Compensation and Corporate Governance Committee
- The Committee forms a written compensation policy, which is in compliance with structure and scope of the actvities of the Bank, applicable internal and external regulations, strategies of the Bank. The key objective of the policy is to avoid excessive risk taking while emphasizing long-term performance and efficiency.
- The Committee evaluates hiring and firing of the CEO DRs and AC DRs and submits recommendation to the Board in this respect.

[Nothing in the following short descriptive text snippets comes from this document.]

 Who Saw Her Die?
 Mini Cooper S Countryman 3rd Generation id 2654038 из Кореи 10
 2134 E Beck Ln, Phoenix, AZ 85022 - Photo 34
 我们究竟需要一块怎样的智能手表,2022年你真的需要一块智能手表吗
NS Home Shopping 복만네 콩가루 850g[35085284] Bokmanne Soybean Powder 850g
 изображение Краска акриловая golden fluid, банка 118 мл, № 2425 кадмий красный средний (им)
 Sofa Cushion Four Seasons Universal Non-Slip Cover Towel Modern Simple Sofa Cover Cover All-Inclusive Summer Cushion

It submits its recommendations on election of AC DRs to the BoD after taking also Audit Committee's remarks and recommendations.
- The Committee evaluates the compensation of the Board members as staying within the budget to be determined by General Assembly per year.

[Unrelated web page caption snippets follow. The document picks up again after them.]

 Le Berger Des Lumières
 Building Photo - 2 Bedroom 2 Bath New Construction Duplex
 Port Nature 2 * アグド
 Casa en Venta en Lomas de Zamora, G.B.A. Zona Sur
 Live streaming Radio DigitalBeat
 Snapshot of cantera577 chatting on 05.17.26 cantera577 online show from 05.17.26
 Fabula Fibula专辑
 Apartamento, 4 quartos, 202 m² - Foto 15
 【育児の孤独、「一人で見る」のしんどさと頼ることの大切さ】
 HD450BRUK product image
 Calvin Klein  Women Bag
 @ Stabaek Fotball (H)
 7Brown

- The Committee submits proposal to the approval of the General Assembly in respect of the all the fees and travel allowance, which are to be paid to the BoD members.
- The Committee evaluates the compensation of the CEO.
- The Committee establishes overall parameters, in discussion with the CEO, for the compensation of his Senior Management Team.
- The Committee reviews the CEO's recommendations on the compensation of CEO DRs if outside the established parameters.
- The Committee reviews the compensation of the Heads of Internal Audit, Internal Control, Risk Management, and Compliance after taking inputs from the Chairman of the Audit Committee, chairman of the Board as well as the CEO.
- The Committee recommends to the Board financial, strategic and individual performance measures based on regulatory guidelines for the CEO and CEO DRs of the Bank and evaluates their individual performance against these measures.
- The Committee prescribes the guidelines for the total bonus pool of the Bank while taking into account elements of managing risk, capital, liquidity and potential future revenue, in line with and all relevant Group and regulatory guidelines.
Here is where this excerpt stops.